The originality of Eva Herman lies in her surprising rejection of this dual-track womanhood. In her own best-selling 2006 manifesto, The Eva Principle, subtitled Towards a New Femininity, she tackles feminist assumptions head-on, calling for women to embrace motherhood again and find their primary source of identity and happiness in the domestic sphere. "Let's just say it loud," she writes. "We women have overburdened ourselves — we allowed ourselves to be too easily seduced by career opportunities." Women can't simultaneously raise children and pursue a career and do both jobs properly, she avers. Germans will die out if women do not change their ways.
Ms Herman is far from being a textbook champion of domestic bliss and motherhood. She certainly hasn't followed the conventional career path for one. At 48, she is four times married, has only one child — a son, now 10 — has always worked in a jetset career, and has enough free time to write a book every year or two.
Her "Nazi moment" also raises questions about her intellectual powers, if not her politics. But when you think about it, what other model of family oriented policy could she draw upon in Germany's recent history? She is at least right about the "1968 generation", whose radicalism lives on in the entrenched feminist prejudice against women having a distinct role to play in society. This was the generation that welcomed the contraceptive pill and saw the birth rate in Germany drop from 2.5 children per women in 1967 to 1.5 a mere five years later. It is the generation that still, largely, runs the country.

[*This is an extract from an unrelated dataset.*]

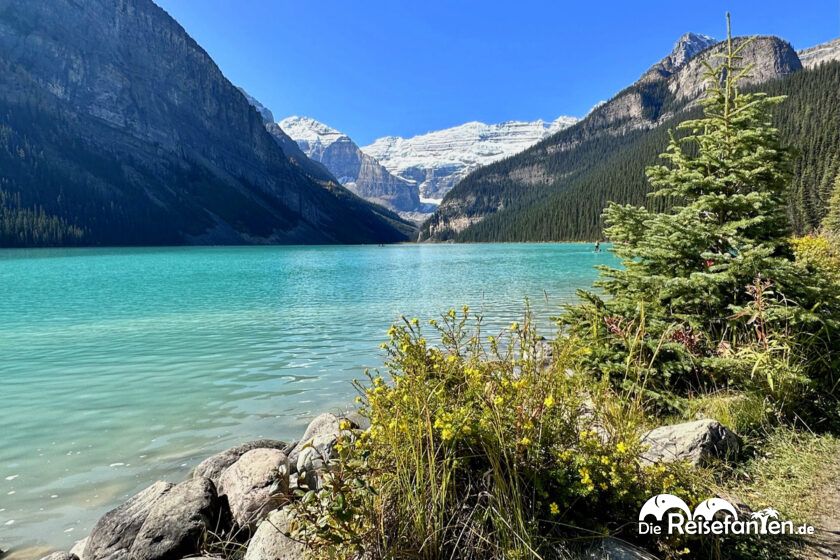 Lake Agnes Tea House (26)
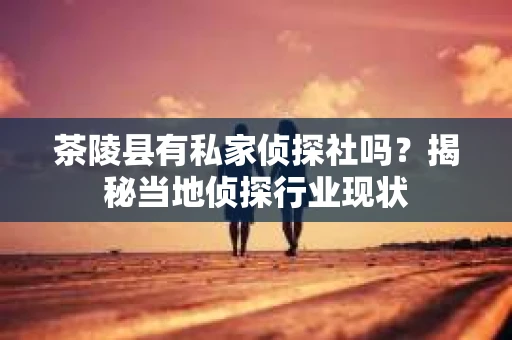 茶陵县有私家侦探社吗？揭秘当地侦探行业现状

And the Nazis weren't the only ones who used an ideology to clobber their opponents. Sure, Nazi manipulation of the population for political ends merits outrage. But what about the state-sponsored birth control which has prevailed in the West for the past 40 years? Isn't that also a form of social engineering? Social engineering, one might add, that has its eugenic elements, as seen in the practice of abortion for fetal abnormality, and in the current desire of some Western governments to encourage births among professional middle-class women without giving new incentives to women who are already economically "unproductive".
In her enthusiasm for a good idea (and motherhood is a good idea) Ms Herman has overstated the case against combining motherhood with another career. There are women — Ursula von der Leyen is a dramatic example — who can do it very well. The majority of women, however, may be less interested in a dual "career" than in "work" that can bring in a second income for the family as well as develop their talents. How this can be done is very much a work in progress today, with the role of husbands in the home a significant part of the picture.
Where Ms Herman's strictures against working mothers count is in the first few years of a child's life. Evidence is mounting against the benefits of day care for children under four, even as governments, including Germany's, opt to expand this sector.
Eva Herman, like other pop-sociologists, sends a muddled message. What is important is not its detail but the direction in which she frantically points. In a country where 30 per cent of women have not had children, it may take more than a year's paid maternity leave plus two months' "papa leave" to prevent the slow decline of the German people.
Carolyn Moynihan is Deputy Editor of MercatorNet.